* Provided material:
:::::
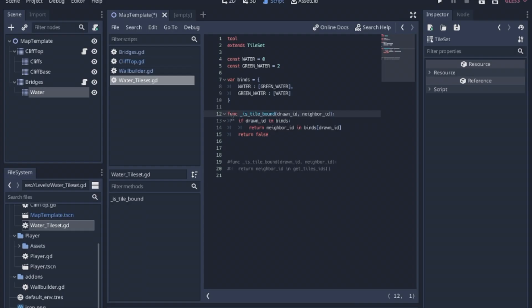Here in this function drawn ID, neighbor ID, that's all the same. That'll be what the built-in function has. We add these simple lines of code.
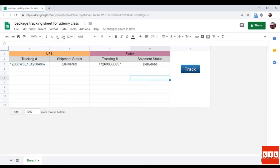All videos, source code, and materials are available to download, and copying and implementing the script can be done in only a few minutes.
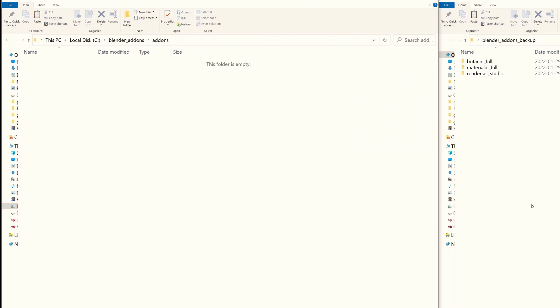So let me switch to Blender and let's check out how to do this. Let's first create a directory for our add-ons. I chose C:\Blender\add-ons.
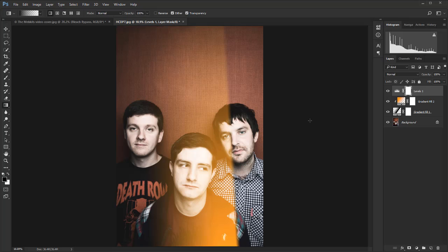That is how to apply a light leak effect in Photoshop.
:::::
* Your assignment: An exact copy of every line above is needed, without the images.

* Reply:
Here in this function drawn ID, neighbor ID, that's all the same. That'll be what the built-in function has. We add these simple lines of code.
All videos, source code, and materials are available to download, and copying and implementing the script can be done in only a few minutes.
So let me switch to Blender and let's check out how to do this. Let's first create a directory for our add-ons. I chose C:\Blender\add-ons.
That is how to apply a light leak effect in Photoshop.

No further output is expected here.